Zeitzeichen
Werden Christen zur Parallelgesellschaft?
Die Werte der säkularen Gesellschaft entfernen sich von christlichen Werten oder ersetzen diese. Wir haben Leiter aus der Evangelischen Allianz und den Freikirchen gefragt, wie sie die gesellschaftliche Entwicklung und ihre Konsequenzen beurteilen.
Heute dominieren Werte wie Selbstbestimmung, Gleichberechtigung, Diskriminierungsverbot und Diversität. Sie stehen für Christen nicht an erster Stelle. Wird das zu vermehrtem gesellschaftlichen Druck führen? Bis hin zur Verfolgung? Christian Haslebacher, Regionalleiter von Chrischona, meint dazu: «Ich erwarte, dass der gesellschaftliche Druck zunehmen wird. Verfolgung kann dabei subtilere und offensichtlichere Formen annehmen. Gleichzeitig bin ich der Überzeugung: Mutige Christinnen und Christen braucht das Land!» Denn in einer pluralistischen Gesellschaft müssten Christen damit leben, dass sie nicht immer die Mehrheitsmeinung vertreten.
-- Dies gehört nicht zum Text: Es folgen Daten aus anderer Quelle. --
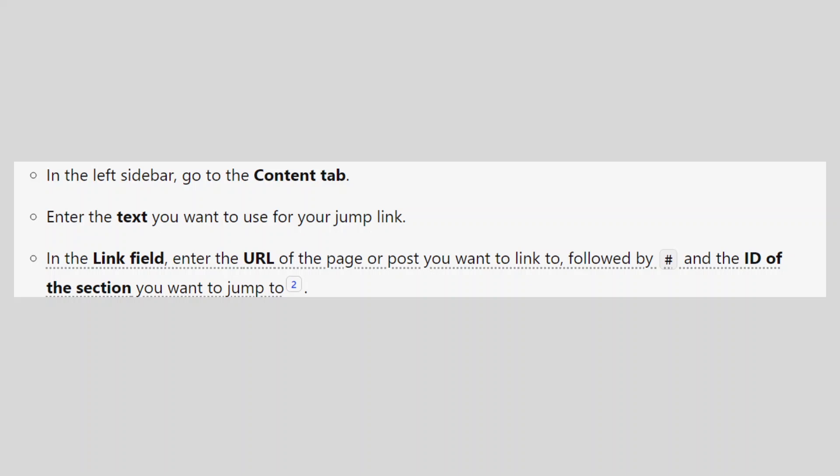So that is how to link a button to a section in Elementor. Make sure to use the links in the description to get started with Elementor.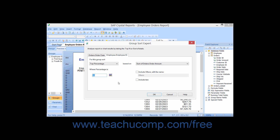Now if you wish to include the Others as a group, check the Include Others with the Name check box. Below that, type the name which you want to give to the Others group into the text box shown. If you wish to include groups where the summarized value is tied or equal to another group's summarized value, check the Include Ties check box.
Glaubensbasierte Positionen unter Druck
Auch Marc Jost, Generalsekretär der Schweizerischen Evangelischen Allianz (SEA), erwartet eine Zunahme des gesellschaftlichen Drucks, und er stellt fest: «Die Säkularisierung schreitet in grossen Schritten voran. Je länger je mehr werden Positionen, die glaubensbasiert sind, unter Druck kommen.» Die Schwelle, wegen so genannter «Hassrede» vor Gericht zu landen, sei tiefer geworden.
Marc Jost ortet ein «Verwirrspiel gewisser Lobbyisten», deren Anliegen heute mangels tiefgreifender Diskussion schnell zum Mainstream werden. Es komme dabei zu einer Pervertierung von Begriffen, sodass legitime Anliegen plötzlich als intolerant erscheinen, was die freie Meinungsäusserung einschränke.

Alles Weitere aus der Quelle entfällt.